**Records supplied**
┏━━

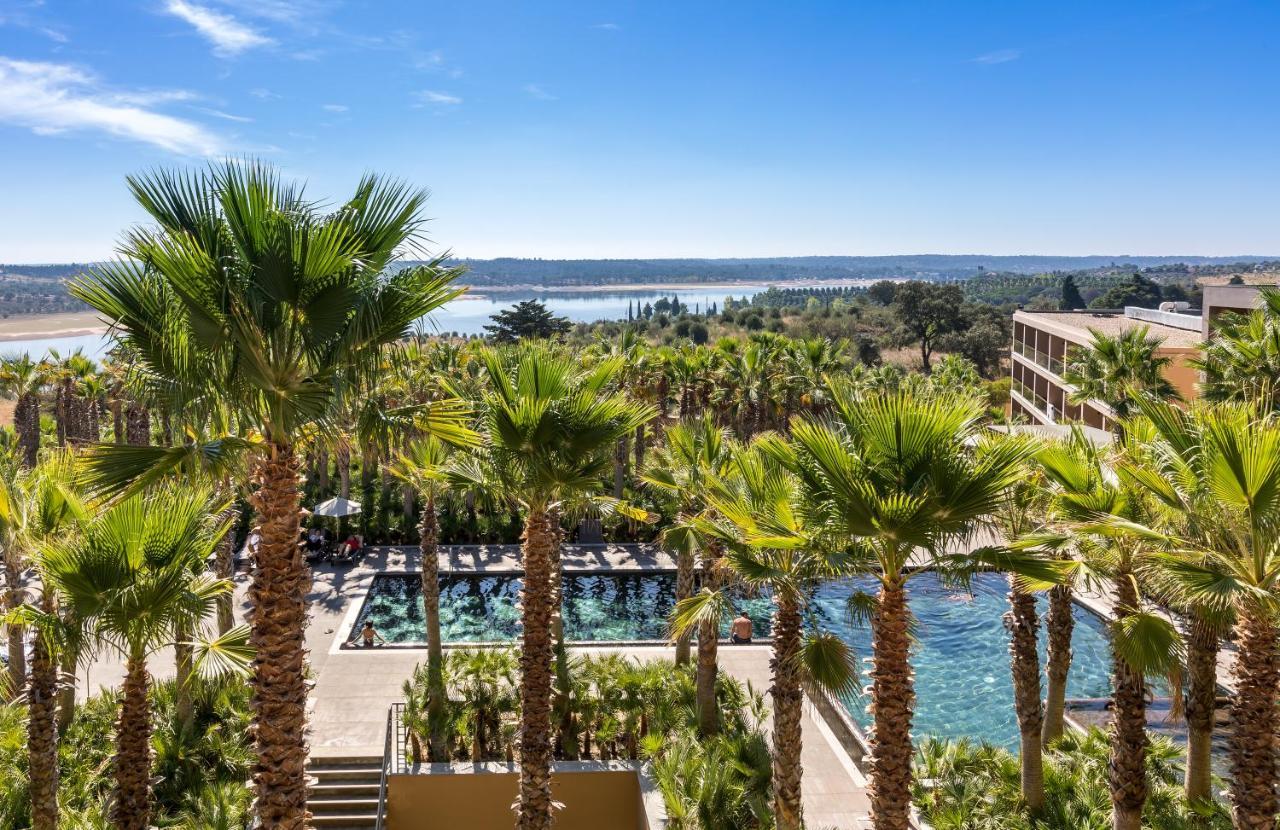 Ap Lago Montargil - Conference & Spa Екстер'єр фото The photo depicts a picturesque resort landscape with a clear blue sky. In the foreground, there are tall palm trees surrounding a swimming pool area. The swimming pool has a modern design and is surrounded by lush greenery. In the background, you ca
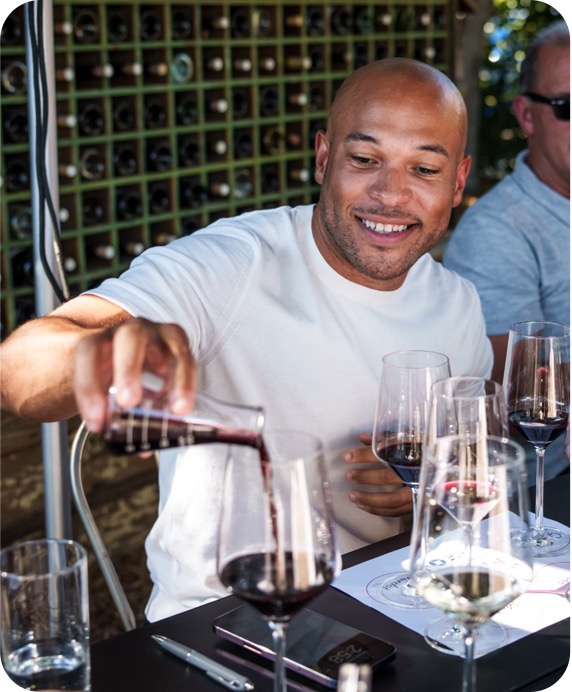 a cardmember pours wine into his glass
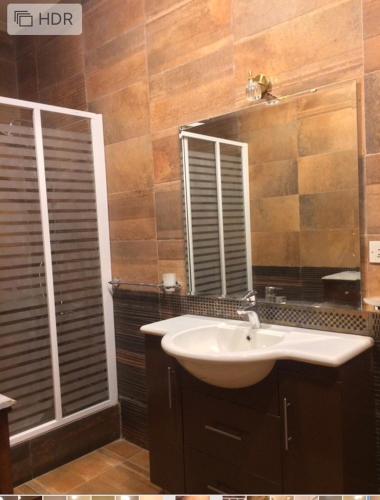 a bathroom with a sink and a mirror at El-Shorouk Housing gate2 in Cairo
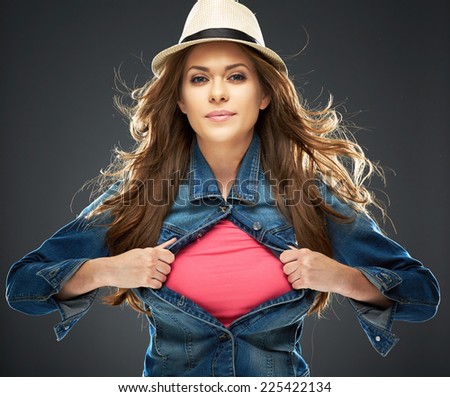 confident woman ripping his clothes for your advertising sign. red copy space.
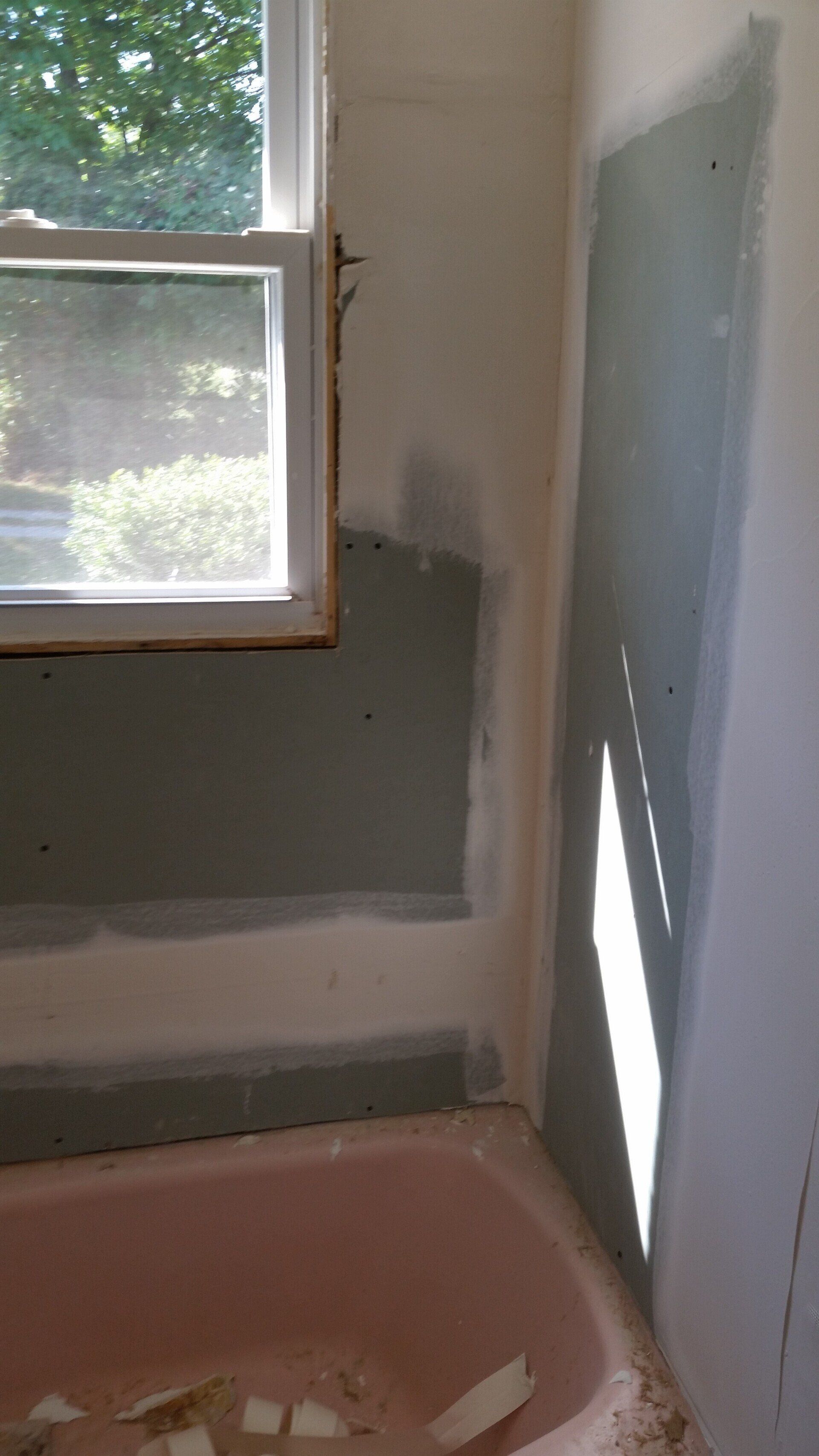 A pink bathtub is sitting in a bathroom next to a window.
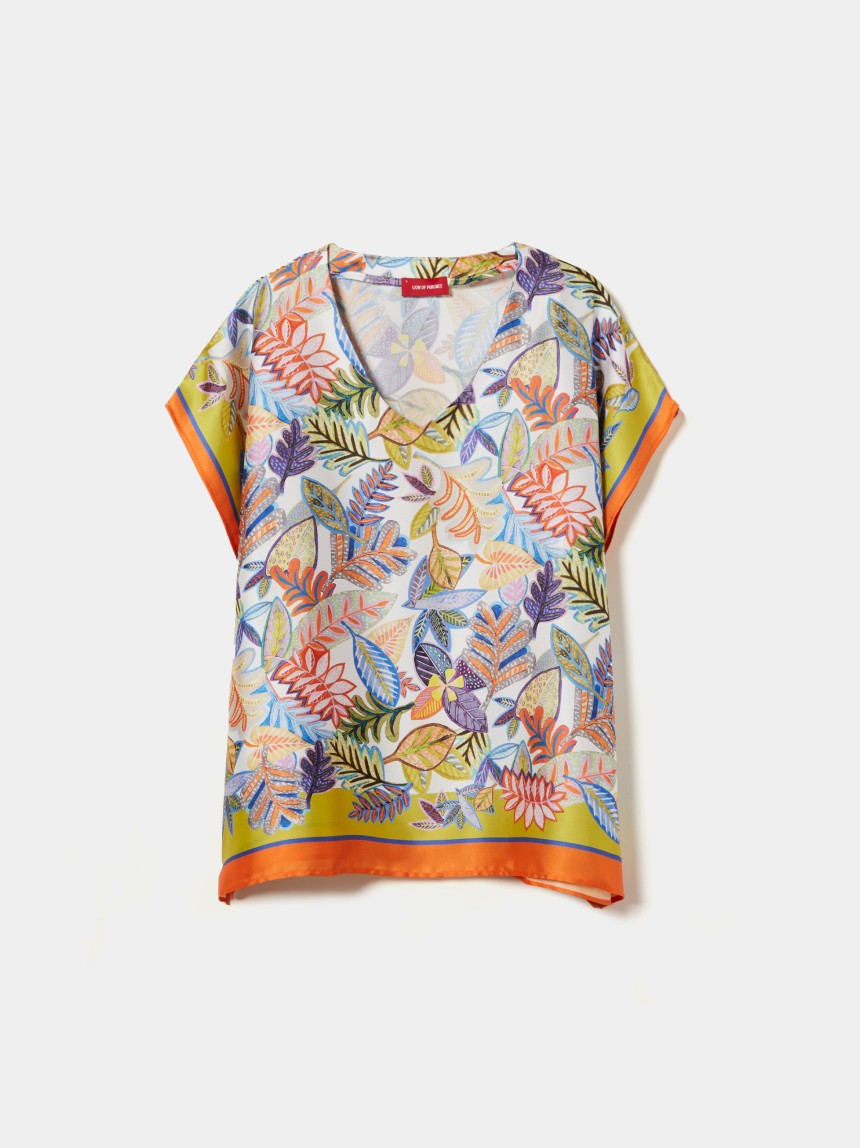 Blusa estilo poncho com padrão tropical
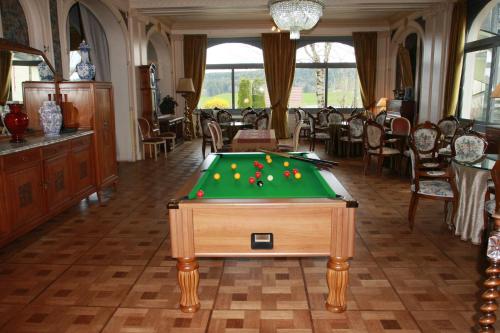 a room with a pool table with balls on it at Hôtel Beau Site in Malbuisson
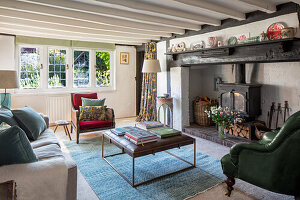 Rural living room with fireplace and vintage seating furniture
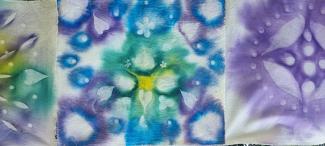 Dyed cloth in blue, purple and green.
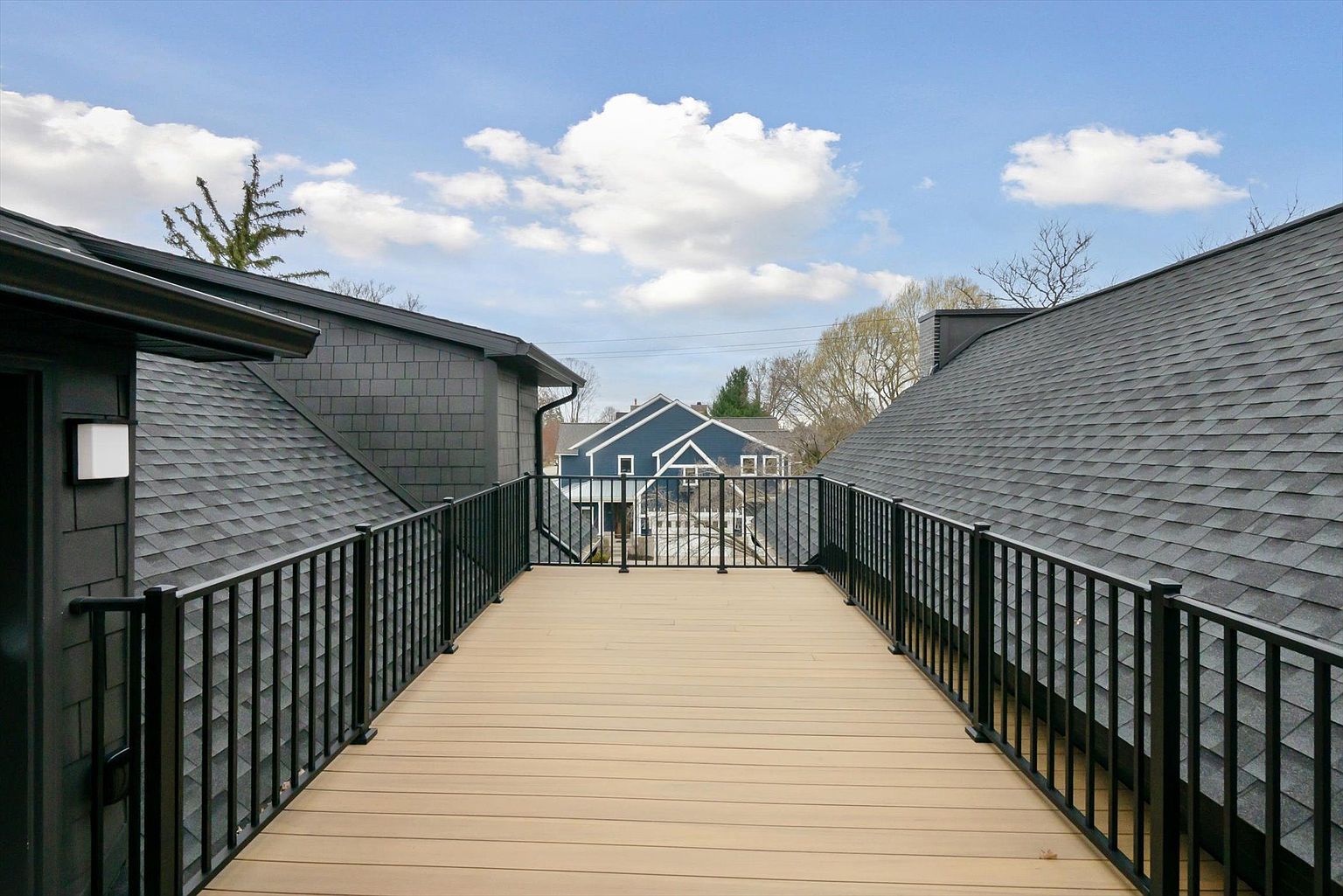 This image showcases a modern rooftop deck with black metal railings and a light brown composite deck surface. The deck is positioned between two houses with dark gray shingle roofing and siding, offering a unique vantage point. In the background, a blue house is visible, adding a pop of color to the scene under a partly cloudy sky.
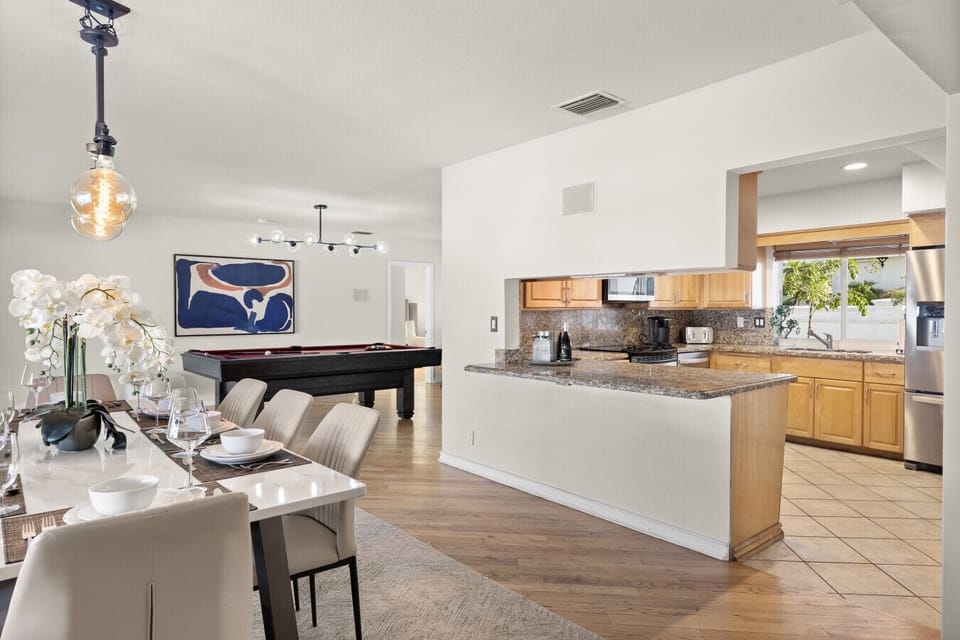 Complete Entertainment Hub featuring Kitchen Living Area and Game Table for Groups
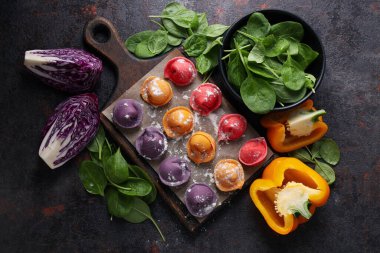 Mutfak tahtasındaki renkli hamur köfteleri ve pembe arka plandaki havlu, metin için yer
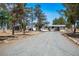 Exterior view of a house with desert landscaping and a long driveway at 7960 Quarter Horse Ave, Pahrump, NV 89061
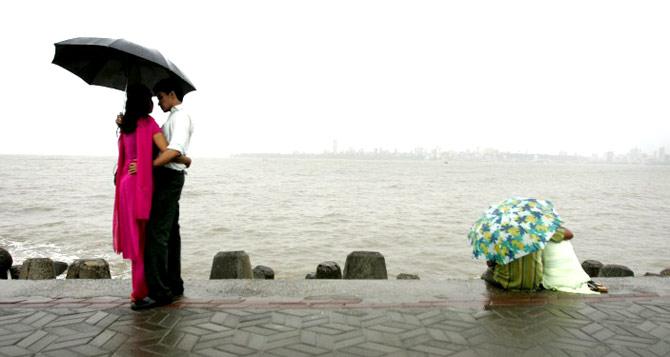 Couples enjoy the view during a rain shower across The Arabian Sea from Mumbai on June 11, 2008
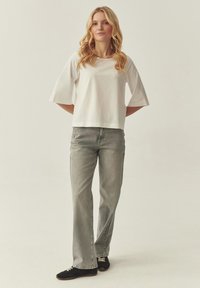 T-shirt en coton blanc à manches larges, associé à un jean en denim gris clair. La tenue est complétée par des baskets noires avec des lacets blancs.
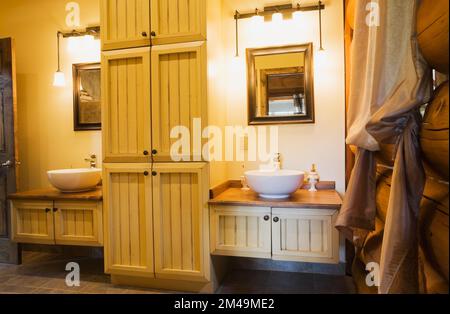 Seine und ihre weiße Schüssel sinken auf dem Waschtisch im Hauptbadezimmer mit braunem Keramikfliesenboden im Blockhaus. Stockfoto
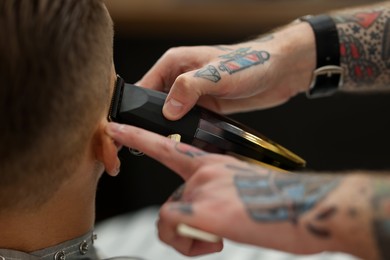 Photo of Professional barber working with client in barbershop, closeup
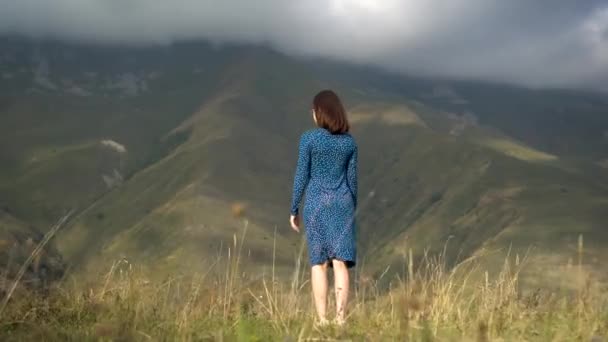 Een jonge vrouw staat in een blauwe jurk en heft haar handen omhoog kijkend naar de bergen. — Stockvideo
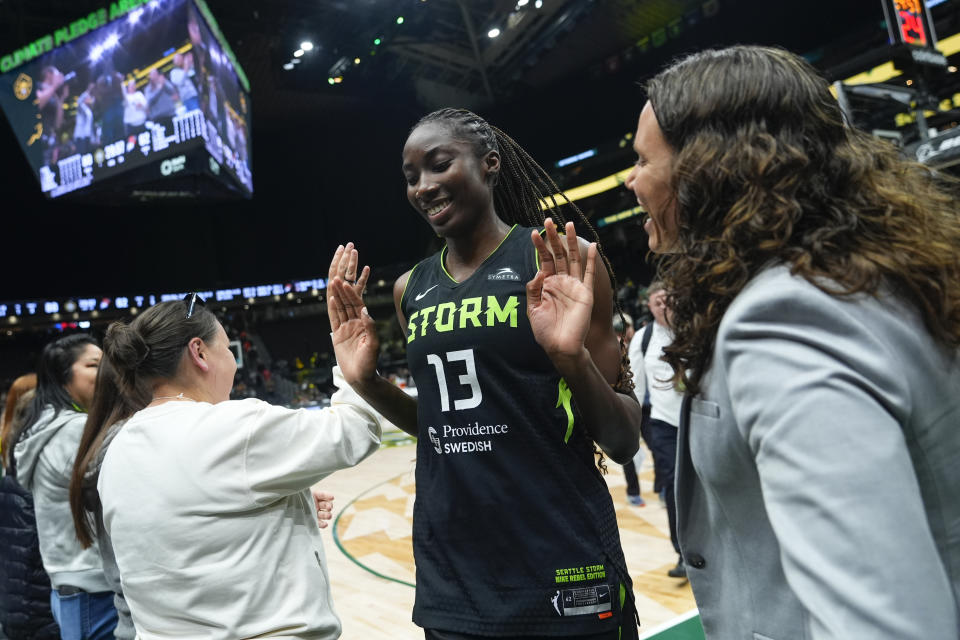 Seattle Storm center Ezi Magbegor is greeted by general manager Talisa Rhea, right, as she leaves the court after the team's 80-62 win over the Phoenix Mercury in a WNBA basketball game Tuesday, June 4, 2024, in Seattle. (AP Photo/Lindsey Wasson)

┗━━

**Requirement**
Give back the lines from the one containing "Couples enjoy the" through the last line of the records above exactly as they appear, both included, and no pictures.

**Answer for the task**
 Couples enjoy the view during a rain shower across The Arabian Sea from Mumbai on June 11, 2008
 T-shirt en coton blanc à manches larges, associé à un jean en denim gris clair. La tenue est complétée par des baskets noires avec des lacets blancs.
 Seine und ihre weiße Schüssel sinken auf dem Waschtisch im Hauptbadezimmer mit braunem Keramikfliesenboden im Blockhaus. Stockfoto
 Photo of Professional barber working with client in barbershop, closeup
 Een jonge vrouw staat in een blauwe jurk en heft haar handen omhoog kijkend naar de bergen. — Stockvideo
 Seattle Storm center Ezi Magbegor is greeted by general manager Talisa Rhea, right, as she leaves the court after the team's 80-62 win over the Phoenix Mercury in a WNBA basketball game Tuesday, June 4, 2024, in Seattle. (AP Photo/Lindsey Wasson)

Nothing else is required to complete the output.